Liberdade, servidão e o mundo das praxes
As praxes ocupam um vazio deixado pela família e pelas próprias universidades. Com maus resultados.
Maio, mês das semanas académicas, é boa altura para voltar a falar das praxes. Evitando a dicotomia do costume, o PÚBLICO lançou no seu site esta pergunta simples: “Foi praxado? Conte-nos a sua experiência”. O resultado deste trabalho é hoje publicado online (com testemunhos gravados em vídeo) e na revista 2, sintetizando mais de 250 respostas de estudantes e ex-estudantes. Contra a praxe? Não, maioritariamente a favor: cerca de 80% elogiam-na. E fazem-no apesar de relatarem episódios grotescos, deploráveis ou até assustadores. Claro que defendem que se deve punir os “abusos”, mas não classificam como abusos chamarem-lhes “bestas”, obrigarem-nos a beber mistelas intragáveis, lamber os sapatos aos veteranos, rastejar na lama ou simular actos sexuais em público. Alguns falam de momentos em que estiveram para desistir, não obedecer, cortar com aquilo. Mas não o fizeram porque queriam, nesse “sacrifício”, garantir a pertença ao grupo, evitar ficar de fora, serem olhados daí em diante como estranhos.
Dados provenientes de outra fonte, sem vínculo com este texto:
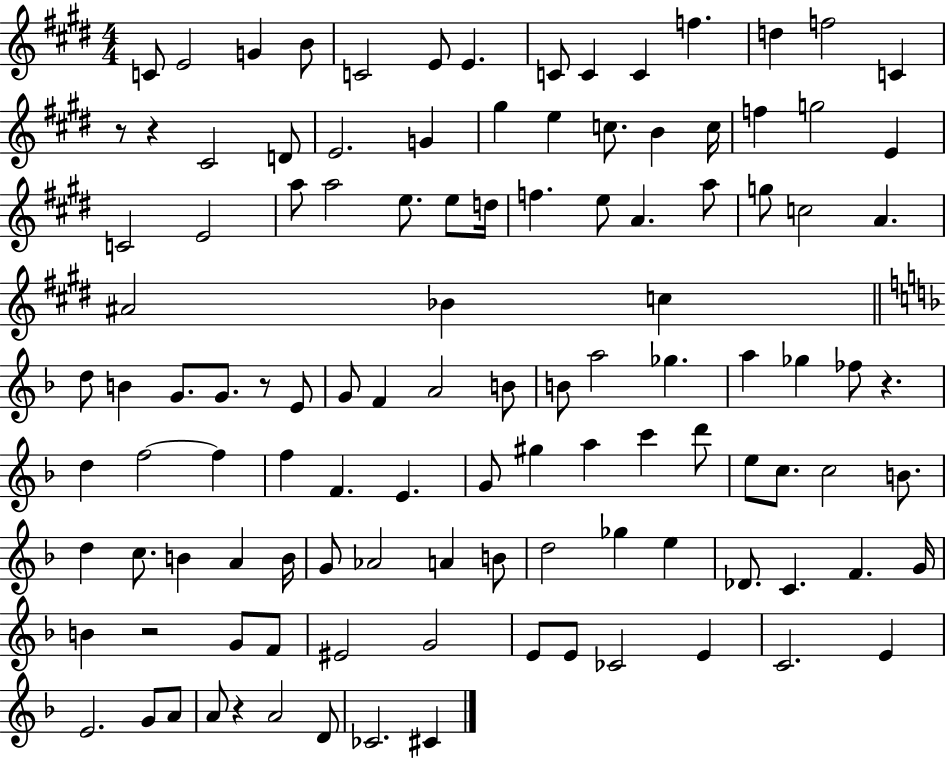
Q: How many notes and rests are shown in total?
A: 114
Uma estudante de 19 anos defende, no seu depoimento, que “a praxe ensina-nos que há uma hierarquia e que nós vamos ter de aceitá-la.” Sintomaticamente, nas famílias e nas universidades essa hierarquia foi há muito esvaziada. E é nesse vazio que a nova “hierarquia” se insinua, dizendo coisas como estas: “A besta não respira, a besta não tem direitos, a besta deve obedecer sempre ao padrinho”. Isto pretende ser um tratamento de “integração” dos caloiros, que são as “bestas”. E as “bestas”, voluntárias, dizem aceitar tal tratamento. “Há muitos caloiros que se sentem mal, choram, porque não percebem. Mas, se calhar, a nossa vida vai ser muito pior”.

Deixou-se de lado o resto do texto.